Have gone through the steps, but was stopped at the last.

Discussion in 'Malware Help (A Specialist Will Reply)' started by Telephonoscope, Aug 13, 2010.

  1. Telephonoscope

    Telephonoscope Private E-2

    Hello, and thank you in advance for any help.

    The situation started with a roommate. She clicked on a link telling her that there was a virus. Something named Vista Antivirus 2010 I believe. I thought I was able to catch the virus and get rid of it, but apparently I wasn't. Although there are no longer typical virus-like behaviors there are still things wrong. Any program I want to run I have to run as administrator. System resources I'm not able to run at all. For example, I replaced an old monitor with a new one, and when I tried to Personalize > Display Settings I get a pop up Open With box with the options of running Adobe Reader, IE, or Winamp to open the file control.exe. This happens with most things. I am able to start a few things through run by accessing it through windows+r. Still, very frustrating.

    Would someone be able to help me with this?

    Details: I used SUPERAntiSpyware. It found nothing. According to the program it was updated when I installed it. In the logs there is a file named SUPERAntiSpyware Scan Log - 08-12-2010 - 21-46-08.log When I highlight that log and then click on view log nothing happens. Nothing pops up.

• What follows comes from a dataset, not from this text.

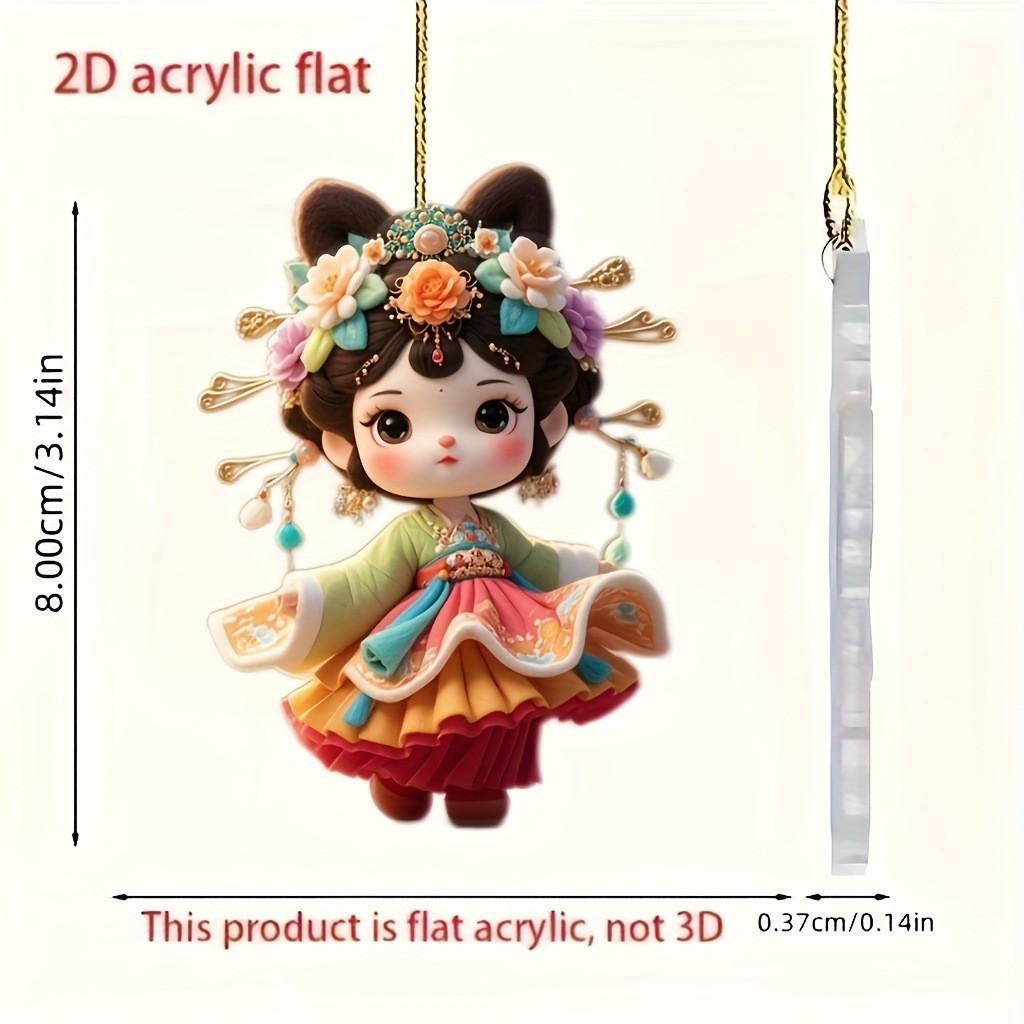 Cute Ancient Costume Girl Pattern Acrylic Pendant For Creative Auto Accessories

    I have attached the Malwarebytes log

    I didn't use ComboFix or RootRepeal because my machine is using Vista.

    I also ran MGtools and it ran for a bit and stopped here: Running processdll.exe to find Dlls

    This popup came up: Appllication has generated an exception that could not be handled. Process id = 0xd18 (3352), Thread id = 0d00 (3388). Click ok to terminate the application. Click cancel to debug the information.

    I hit cancel.

    This was next:
    Registered JIT debugger is not available. An attempt to launch a JIT debugger with the following command resulted in an error code of 0x2 (2). Please check computer settings.

    cordbg.exe !a 0xd18

    Click on retry to have the process wait while attaching a debugger manually. Click on cancel to abort the JIT debug request.

    I hit cancel again
     

    Attached Files:

    Telephonoscope, Aug 13, 2010
    #1
  2. Kestrel13!

    Kestrel13! Super Malware Fighter - Major Dilemma Staff Member

    Having combofix run on vista is fine, do you have 64 bit vista? If not I need to see the log from running combofix.

    This error message is explained (Error Message Type 4)

    The log from running it was probably created anyway. Check in in the root folder of your Windows Boot drive, usually C:\ hence --> C:\Mglogs.zip which is what I need to see in order to give you a complete fix which will also include the combofix log once you have run that.

    I hit cancel.

    Not a malware issue.
     
    Kestrel13!, Aug 13, 2010
    #2
  3. Telephonoscope

    Telephonoscope Private E-2

    Yes, it's 64 bit. Sorry.

    Followed the directions. It fixed that error.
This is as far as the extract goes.